Tuesday, May 28, 2013

Venus, Jupiter, Mercury Conjunction (1080p, 30fps)



The planets Jupiter, Venus and Mercury are close together in the evening sky this week, so every night I've been trying to capture them together on the horizon in the twilight hours before they set. The first night the clouds were too thick. The second night I was shooting sunset in high winds at Mono Lake with the Sierra Nevada as a high western horizon, so I caught a few pictures of the planets, but they set too quickly to capture a time-lapse video. The third night was just right, relatively clear to the west, I was in a high shooting position with an apparent horizon lower than my position (less than 0 degrees elevation), and fortunately that was Sunday May 16, the night when they'd be closest together, forming a tight triangle.

There was still wind to deal with so I changed position a few times to minimize it. I could only use one camera because I had loaned my daughter one of my quick release plates the day before and it was still on her camera back home. There wasn't a lot of light and I was shooting with a 2X teleconverter on my 70-200mm lens at close to 310mm, so my aperture was limited to f/8, forcing me to bump up the ISO to minimize shutter speed in that wind.
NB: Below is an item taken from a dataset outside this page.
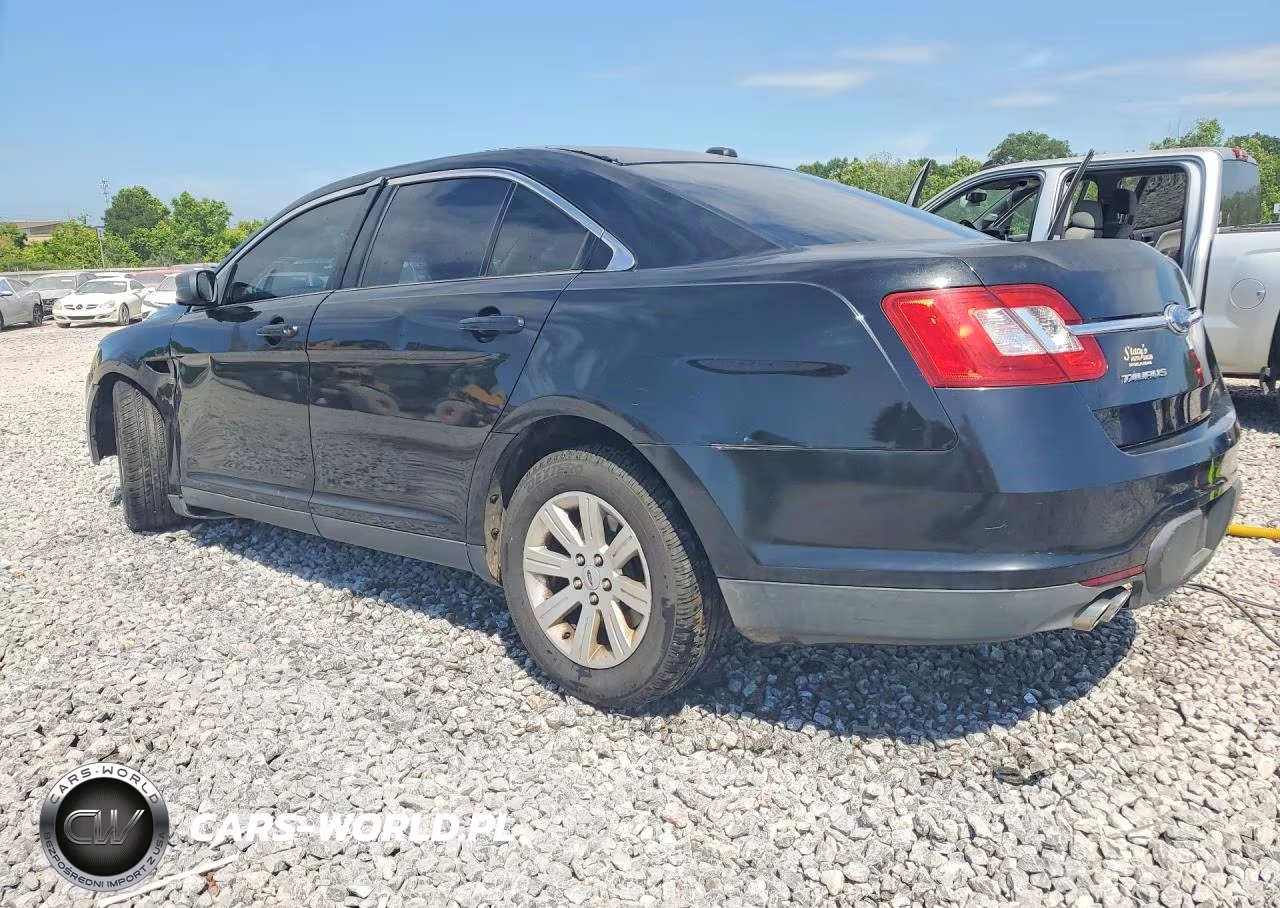 2010 Ford Taurus Se VIN:1FAHP2DW1AG112670 - 2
Fortunately I worked out all the trade-offs in time to capture about four hundred frames, enough to create this time-lapse video. 


Here's how my four days of effort to capture this event turned out:


Pursuing the Venus, Jupiter, Mercury conjunction on May 24, 2013.
May 24 from Lake Tahoe


Pursuing the Venus, Jupiter, Mercury conjunction on May 26, 2013. Too high of a horizon at Mono Lake!
May 25 from Mono Lake

Pursuing the Venus, Jupiter, Mercury conjunction on May 26, 2013, just right with a low horizon.
May 26 from Monitor Pass













Pursuing the Venus, Jupiter, Mercury conjunction on May 27, 2013. Too cloudy over Lake Tahoe!
May 27 from Lake Tahoe

Friday, May 17, 2013

Rainbow in a Sun Ray


Last night I caught a sun ray rainbow, just before sunset, at Topaz Lake on the Nevada/California border.  

You may have noticed that rainbows move as the sun moves.  White light contains all of the colors of the rainbow, and the rainbows we see are simply that light separated out into various wavelengths, which we perceive as colors.  This doesn't happen like it does with a prism, where the rainbow comes out the back side of the prism and that color-separated light is projected onto something.  Instead, raindrops do separate the colors of light through refraction, but instead of it escaping out the back, that light is reflected back out of the raindrop at a 42 to 43 degree angle.  So everywhere you see rainbow color is a raindrop, and if you draw lines back from that rain drop to yourself and to the light source, those lines meet in roughly a 43 degree angle.

Someone standing a mile north of you may see a rainbow, but their rainbow will be coming from a different set of rain drops making a 43 degree angle back to the sun, and their rain drops at that angle will also trace a "rainbow-shaped" arc in the sky.  This is why you can see rainbows while you drive, and they will appear to move and follow you (at that same angle to the sunlight) as you drive.

So as a photographer, if you don't like where the rainbow is, move!  As long as you don't move so much that "your" rainbow doesn't fall off the end of the column of water it's coming from and disappear into dry air, you should be able to place the rainbow where you want it.  Similarly, if you see the sun striking a column of water and the sun seems to be close to the right angle, simply move until you catch that 43 degree angle and can see and photograph the rainbow you anticipated that it was making.